Wednesday, January 2, 2008

Body trouble: a short piece on the conflicted aesthetic pretentions and elegant alienation of Peter Greenaway

Peter Greenaway at the very least deserves to be considered a special case. Not only does Greenaway bring the distinct sensibility of the painter to (more or less) mainstream cinema, not only does he subvert the vocabulary of narrative film to make essentially associational structural explorations: Peter Greenaway is a grand cinematic alienator, wildly prolific and without peer. He doesn’t seem to even want you to like his films, which is fortunate.

I started hating Greenaway with
8 1/2 Women (1999), which I saw at Edmonton's Metro Cinema years ago. It’s Metro again who’ve prompted me to revisit Greenaway’s work for the first time since. Making up one half of their weekend Greenaway double bill, Metro’s screening A Zed & Two Noughts (85), perhaps the coldest movie about grief ever made. A clinically elegant approach to design and symmetry permeates the film from the surface down to its core. A car accident outside the Rotterdam Zoo, on a road titled Swan Way, is caused by a swan. Two women perish, each one spouse to one of a pair of Siamese twins. The widowers soon become lovers to the accident’s sole survivor, the driver of the car, who lost one leg in the violence and, urged by the surgeon brother of a famous forger of Vermeer paintings, is considering getting rid of the other. The twins also console themselves with documentaries about the origins of life and by monitoring of decomposition in various organic subjects: an apple, some prawns, a swan. The march of bloat, bubble and rot whizzes by in time-lapse images set to hyper-speed music.
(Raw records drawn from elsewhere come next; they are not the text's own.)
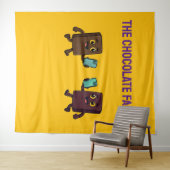 Tenture Cute Chocolate Bar with Phone Funny Tapestry (En situation (horizontale))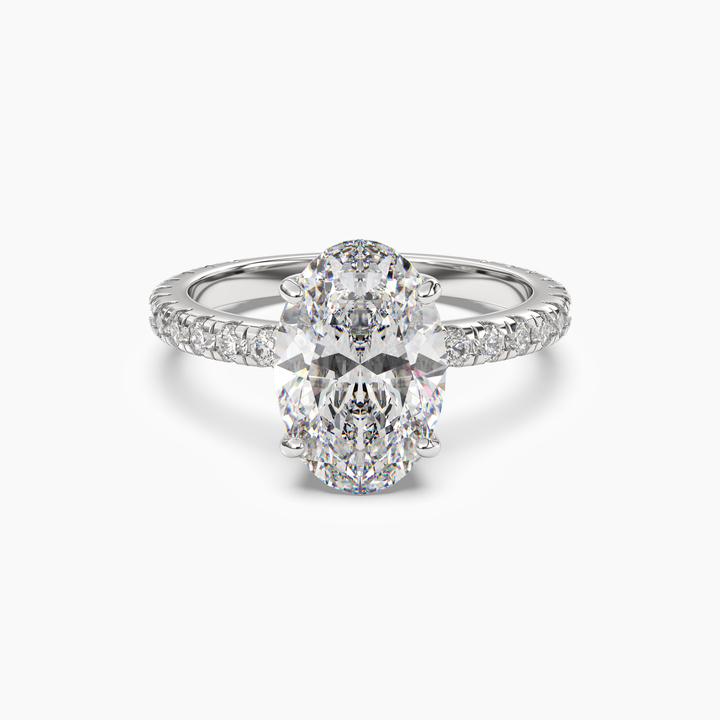 Aurora 5 Carat Oval Cut Pave Lab Grown Diamond Ring in 14K White Gold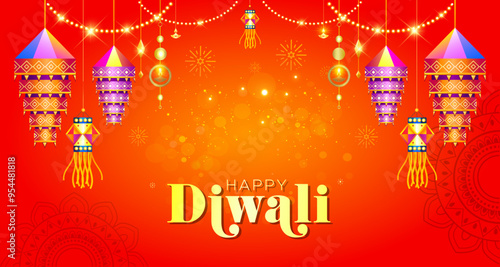 Diwali festive background. Indian traditional lights decoration lantern sparkle fire cracker paper frills and ethnic floral on red background.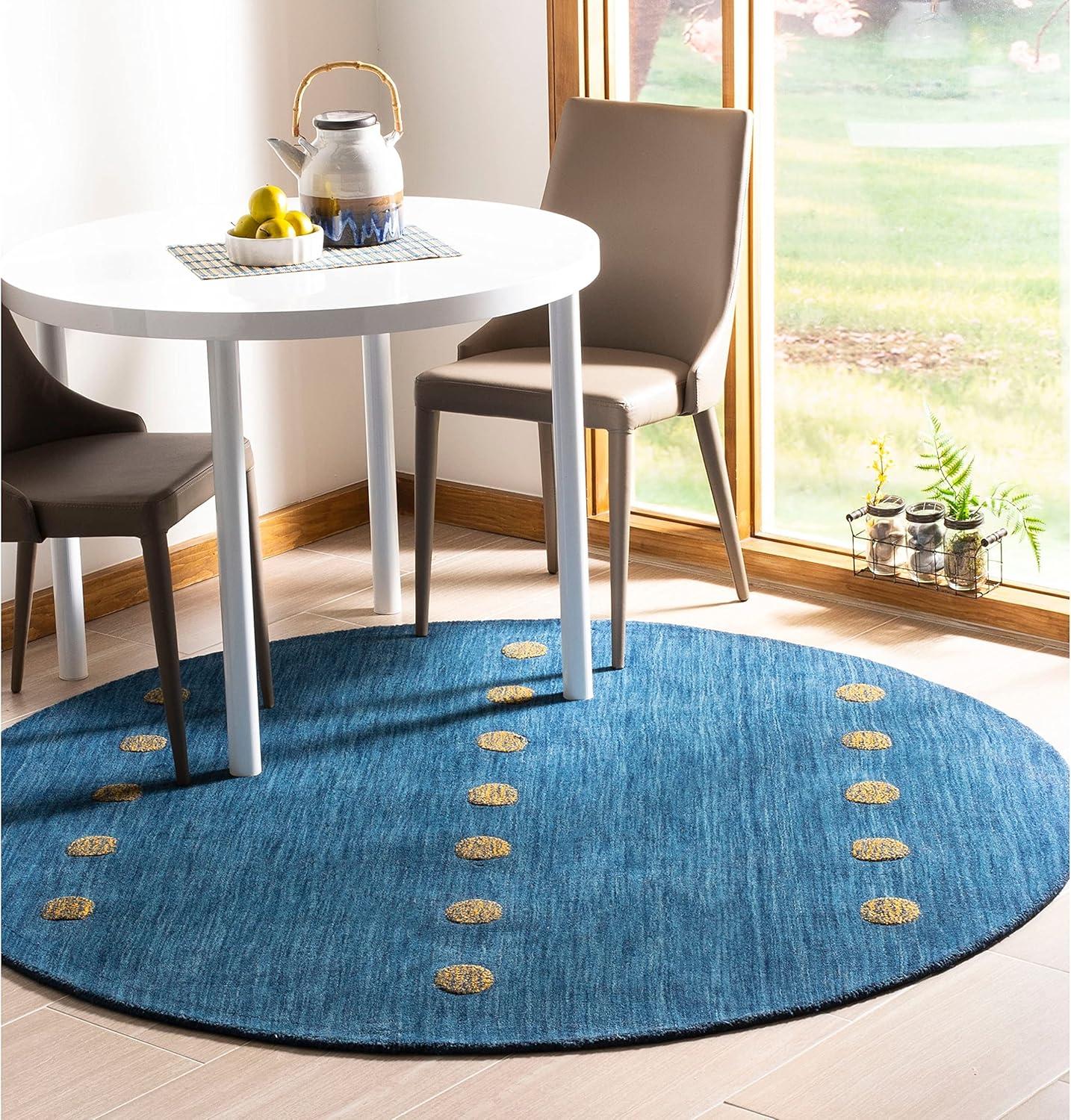 Handmade Tufted Blue Wool 27" Runner Rug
Seen at the close of the opening credits, the image of the dead wives, leaning almost sensuously against one and other as sparks cascade behind them, possesses a certain perverse pageantry that determines the tone of what proceeds. The spectacle owes something to Warhol and JG Ballard in its transfixing power: morbid, telegraphic, flat, yet layered with meaning. It matches the highly theatrical quality of the film’s lighting, composition, production design and even dialogue. In Greenaway’s theatre, civilization is a sort of catastrophe waiting to happen, where genes dictate destiny and personality melts into base needs and the useless accumulation of knowledge. Incidentally, I don’t recall a single close-up in the whole thing: humans are to be observed from a distance sufficient for erasing the possibility of character identification.

Greenaway has stated that cinema doesn’t connect with the body the way painting has. The two mediums behave so differently that I don’t doubt for a moment that he’s right. Yet, while Greenaway has frequently condemned films for clinging to the aesthetics of the novel, I wonder if he’s aware of just how equally limiting his appropriation of the aesthetics of painting is. The body is often most palpably felt in films that fully exploit the medium’s particular sense of movement and urgency -elements Greenaway frequently avoids. In any case,  A Zed & Two Noughts is compelling precisely for its use of static or virtually static imagery. This is something worth praising, even if it’s a far cry from its creator’s ostensible goals.